Excel and R and great tools for Analytics. While the Business teams ususally rely on Excel to solve their analytical needs, Data teams tend to use R or Python for it’s analytical capabilities. Choosing a platform basically comes down to the Problem at hand and the data you’re dealing. Both R and Excel have their set of pros and cons. Certain advantages that R poses over Excel which can’t be ignored are:
In order for any Excel user to get comfortable with R capabilities, he/she needs to understand how to perform some of their primary analytical tasks in R first. In this vignette we will tackle one of the most vital Excel functionality: Pivots. For this we will use a R package called dplyr and simulate the same Pivot functions in R.
For this exercise, we would use the starwars dataset which is available within the dplyr package in R. You can install the dplyr package using the following code: install.packages(“dplyr”) After that you can view the starwars dataset within dplyr.
library("dplyr")
names(starwars) # View column names
## [1] "name" "height" "mass" "hair_color" "skin_color"
## [6] "eye_color" "birth_year" "gender" "homeworld" "species"

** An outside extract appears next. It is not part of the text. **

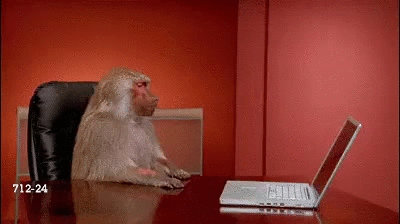 monkey pushes computer off table gif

## [11] "films" "vehicles" "starships"
starwars # View starwars dataset
## # A tibble: 87 x 13
## name height mass hair_color skin_color eye_color birth_year gender
## <chr> <int> <dbl> <chr> <chr> <chr> <dbl> <chr>
## 1 Luke~ 172 77 blond fair blue 19 male
## 2 C-3PO 167 75 <NA> gold yellow 112 <NA>
## 3 R2-D2 96 32 <NA> white, bl~ red 33 <NA>
## 4 Dart~ 202 136 none white yellow 41.9 male
## 5 Leia~ 150 49 brown light brown 19 female
## 6 Owen~ 178 120 brown, gr~ light blue 52 male
## 7 Beru~ 165 75 brown light blue 47 female
## 8 R5-D4 97 32 <NA> white, red red NA <NA>
## 9 Bigg~ 183 84 black light brown 24 male
## 10 Obi-~ 182 77 auburn, w~ fair blue-gray 57 male
## # ... with 77 more rows, and 5 more variables: homeworld <chr>,
## # species <chr>, films <list>, vehicles <list>, starships <list>
[Key Functions]
We will tackle all the Functions using the dplyr package.

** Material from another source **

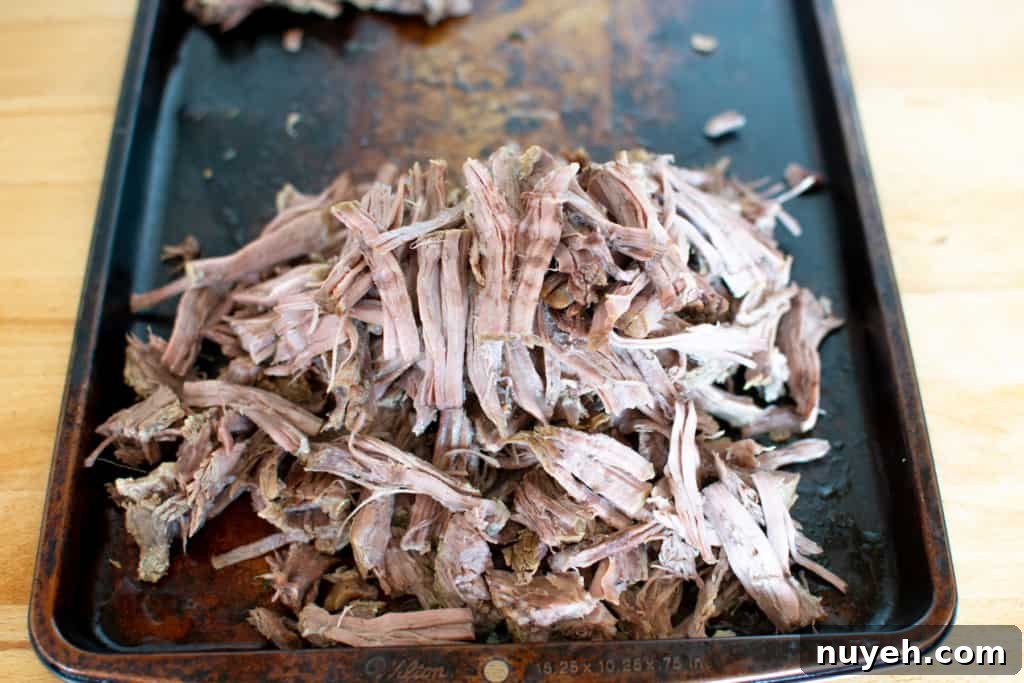 Shredded beef on a baking sheet.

The Values function in a pivot table can be used to add numeric fields and perform mathematic operations on them. The summarize() function allows to do the same thing in R.
Let’s summarize the mass and height variables and find their mean and median values.
library("dplyr")
starwars[is.na(starwars)] <- 0 # Replacing NA values with 0
starwars %>% # Passing the Starwars dataset to next function
summarize( mean(mass), median(height))
## # A tibble: 1 x 2
## `mean(mass)` `median(height)`
## <dbl> <dbl>
## 1 66.0 178
Some of the other useful operations you can perform with summarize() are:
Spread: sd(), IQR(), mad()
Range: min(), max(), quantile()
Position: first(), last(), nth(),
Count: n(), n_distinct()
Logical: any(), all()
Rows is key to the Pivot table. It allows the data to be grouped against a parameter or multiple parameters along which you want to analyze the data set. In dplyr, group_by() is the equivalent funciton that can be used to perform this operaiton.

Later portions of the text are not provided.